Re: Linux <-> Apple Laser 16/600 [TCP problems??]
Scott Laird (scott@laird.com)
Sat, 10 Aug 1996 15:01:47 -0700
In message <Pine.LNX.3.91.960809111215.24805B-100000@linux.cs.Helsinki.FI>, Lin
us Torvalds writes:
>On Thu, 8 Aug 1996, Mikael Abrahamsson wrote:
>>
>> We have run a setup of a linux 1.2.13 machine and an Apple 16/600
>> Laserprinter (postscript) for almost a year now, but when I upgraded to
>> 2.0.x I suddenly got problems.
>
>Damn. It's a bug in the Apple Laserprinter TCP implementation, and we've had
>reports of the same TCP bug being in another printer too (HP with some
>third-party network card).
>
>The printer gets confused when Linux has sent it a partial packet when the
>printer window goes < MSS (which it shouldn't do anyway, but that's not the
>bug). When then Linux sends the full packet later on when the printer has
>opened up the window, the printer incorrectly ignores it because it thinks it
>has seen it (it has seen part of the data, but not all, and that's the bug).
>
>The printer buffer is filling up, so it's not opening it's TCP window any
>more, and then when the window goes < MSS, *blam*.
I think I saw this same bug (or a very similar one) last week when
talking to a PC/TCP system that one of our customers uses for mail.

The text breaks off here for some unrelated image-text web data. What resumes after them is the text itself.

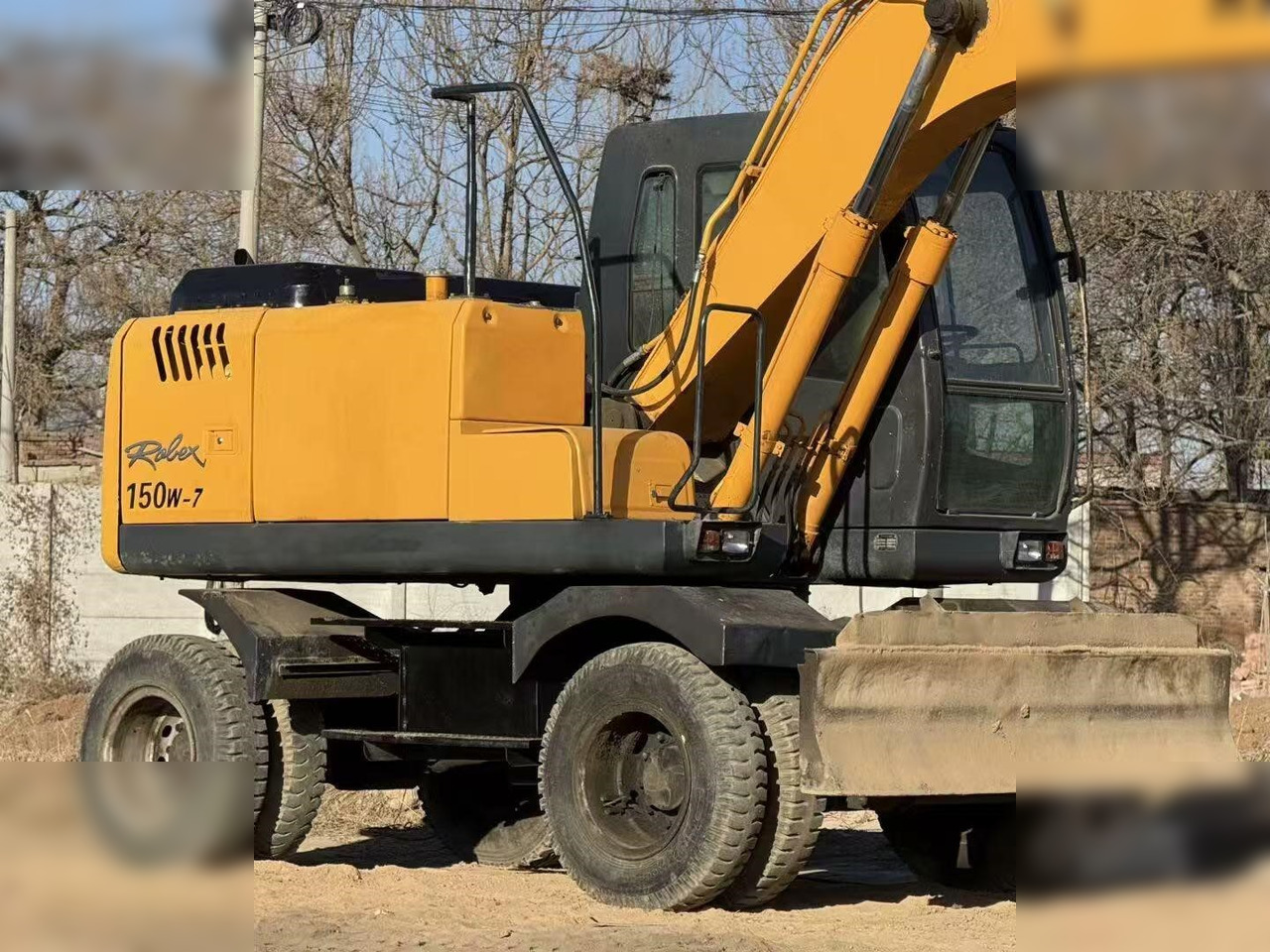 HYUNDAI ROBEX 150W-7A - Riteņu ekskavators: foto 4 HYUNDAI ROBEX 150W-7A - Riteņu ekskavators: foto 4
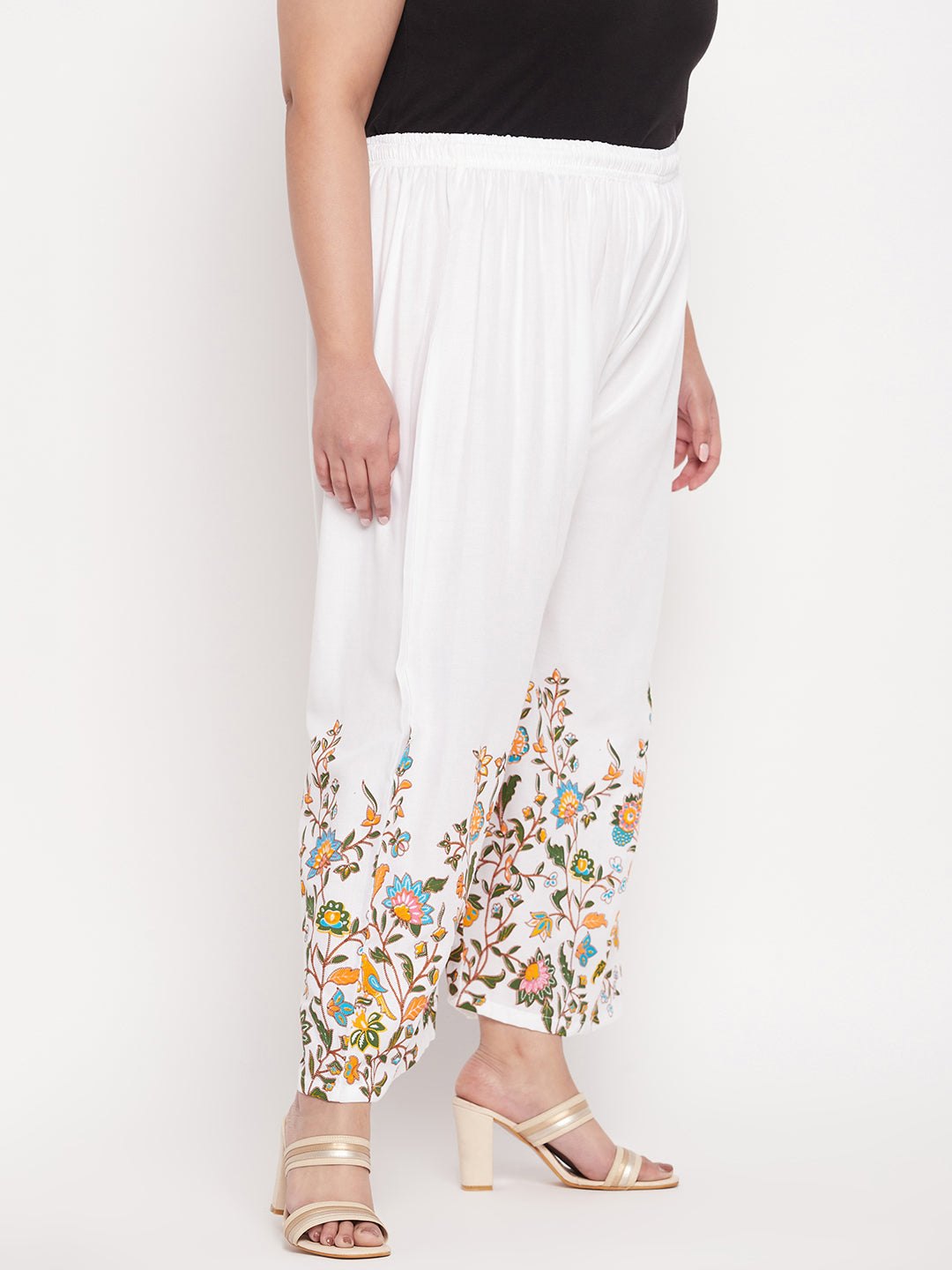 White printed rayon palazzo with floral design and elastic waistband.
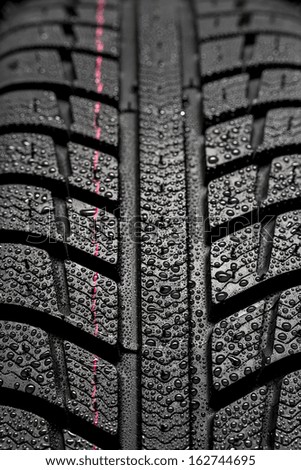 Car tires close-up Winter wheel profile structure with waterdrops
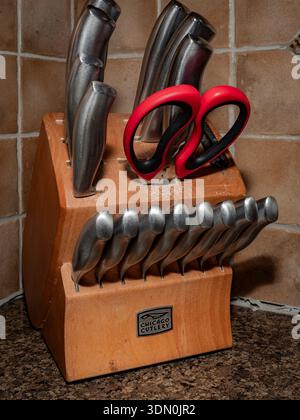 Chicago Cutlery knife block set with stainless steel knives and red-handled kitchen shears on granite countertop against tiled backsplash. Stock Photo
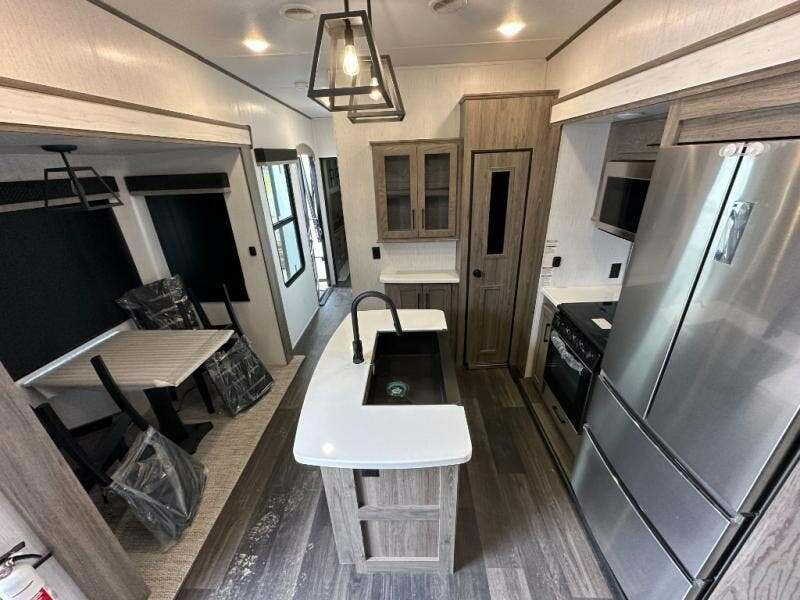 Interior view of the RV with a dinette and a kitchen.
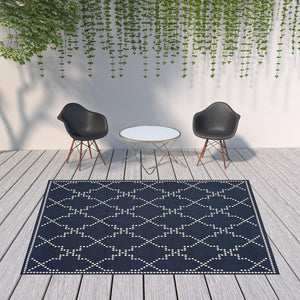 HomeRoots 5' Indoor Outdoor Geometric Area Rug - Stain Resistant Blue and Ivory Design for Versatile Spaces Navy/ Ivory 7'10" x 10'10" 507073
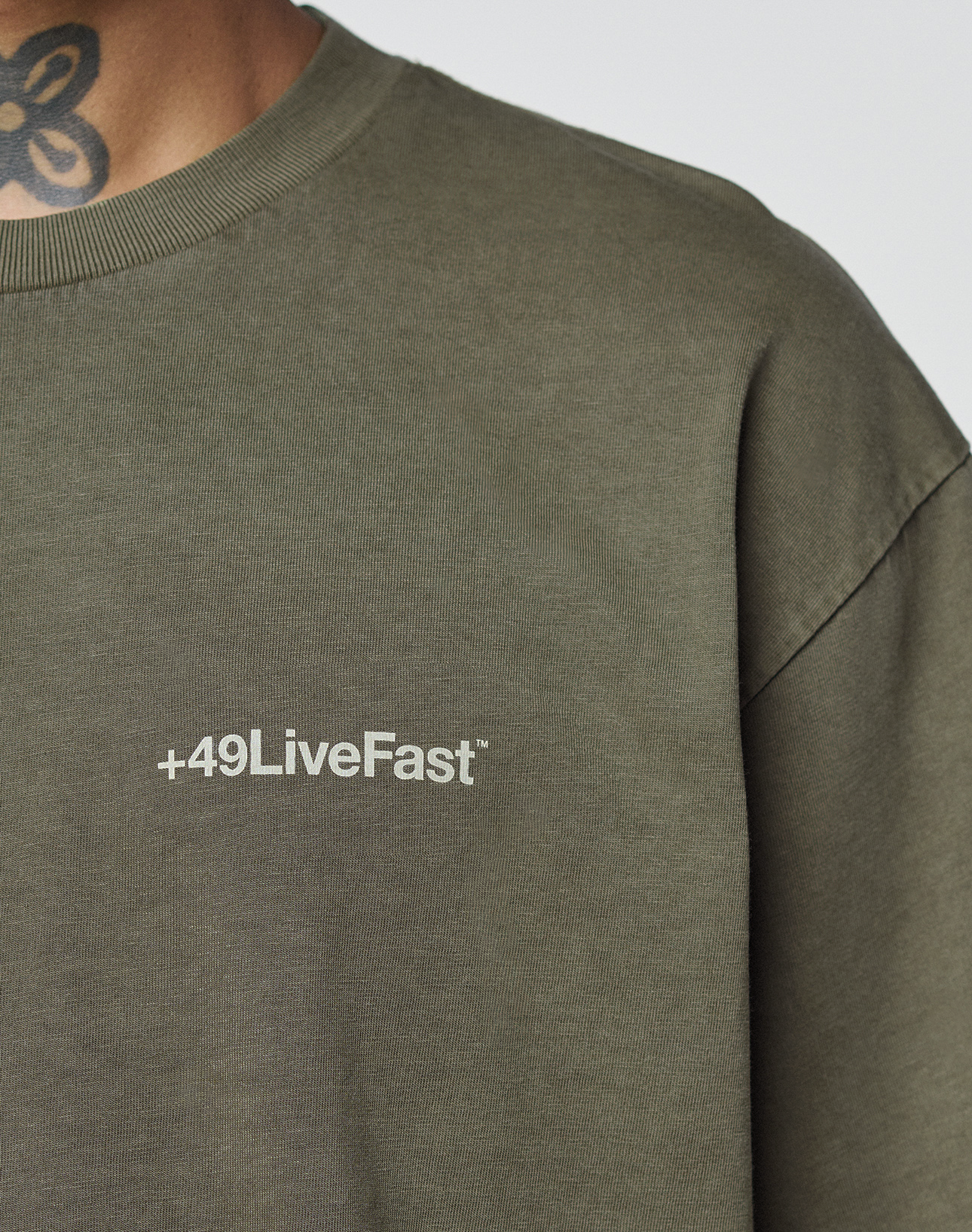 Close-up of a person in an olive green LIVE FAST DIE YOUNG Basic +49 Chest Tee with a white logo on the chest. Made from 100% cotton in an oversize fit, the shirt shows part of a floral neck tattoo above the collar.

When the remote system started falling behind, it shrank the window,
but it tended to ignore everything else my box (running 2.0.0) sent to
it, even after the window grew. I recompiled with the PC/TCP
compatibility switch turned on, but it didn't really make a
difference. Connections still died, usually somewhere between 15k and
100k into the transfer, over two 28.8k serial links (CSLIP to
Internet, and then down a PPP link on the other end).
Of course, after watching the conversation with tcpdump, I'm impressed
that Linux's stack could talk to PC/TCP at all :-). I ended up
solving the problem by relaying the message through a BSDI box, and
that seemed to solve the problem for now. I'd love to test any
better solutions that anyone has, though.